Caetano Veloso Lingua
2007 - Univrsal
Ancora più facile per uno come Caetano Veloso che di dischi ne ha fatti tanti, anche di quelli grandi. Eppure bisogna dire che, nonostante questo, “Lingua” ha un senso e una forza sua, al punto da suonare quasi come un disco nuovo.
Il tema è quello appunto della lingua, intesa come strumento di comunicazione e di seduzione, e il cd è un’occasione per ricordarci quanto questo musicista brasiliano nel corso della sua carriera abbia affinato le sue papille gustative attraverso linguaggi e forme diverse.
Da “London London” alla title-track vengono offerti una serie di assaggi che saltano da un genere all’altro (pop, funk, samba, rock, swing, avanguardia, reggae ecc) e da una lingua all’altra (portoghese, spagnolo, inglese, francese, italiano).

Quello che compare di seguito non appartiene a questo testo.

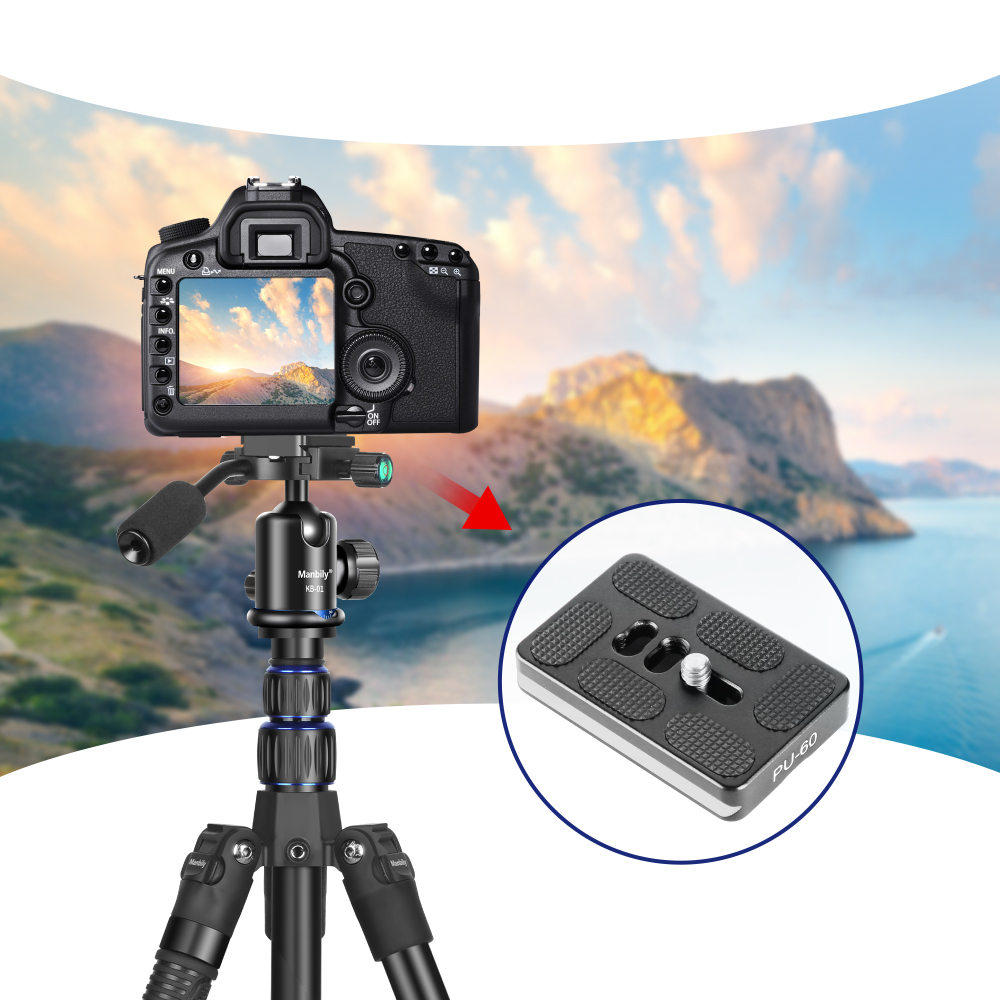 Manbily Pack Of 2 Tripod Head Quick Release Plates for Ball Head, (60mm*38mm*10mm) Tripod Adapter Mount Arca-Swiss PU-60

Si alternano cover e brani dello stesso Veloso, ma la cosa interessante è che tutti paiono avere un’unica pronuncia, molto fluente: traspare la capacità di Caetano di dare un’accento suo alle interpretazioni e basti prendere come esempio la versione di “Let it bleed” dei Rolling Stones, prima rallentata, quasi sciolta, e poi fatta marciare su un ritmo da carnevale con flauto e piano elettrico.
Non si scoprono certo oggi le qualità camaleontiche di questo artista, ma, considerando che è noto ai più solo per la sua produzione degli ultimi vent’anni, un disco provocante come “Lingua” non può fare che bene agli appassionati (almeno a quanti ancora acquistino i dischi).
Ogni traccia è un intreccio di sapori che stimolano i sensi a riconoscere la natura degli ingredienti, dal tango di “Cambalache”, al bolero di “Vete de mi” fino al fado di “Estranha forma de vida” passando attraverso alcune esecuzioni più classiche spruzzate di tropical flavour.
Alcune tracce vanno tenute in bocca e masticate con cura per coglierne il retrogusto e la particolarità come un assolo di sitar riprodotto vocalmente in “Maria Bethania”, un arrangiamento di violoncello in linea con la distorsione di “Come as you are” per finire con gli accenni rap della title-track che si muovono ora su un flamenco peruviano ora su un samba paulista.
Quello di Veloso è da sempre un pop-rock che non parla una sola lingua, ma che ama provocare sfruttando diversi idiomi.
Come canta lo stesso Caetano: “A lingua é minha patria”.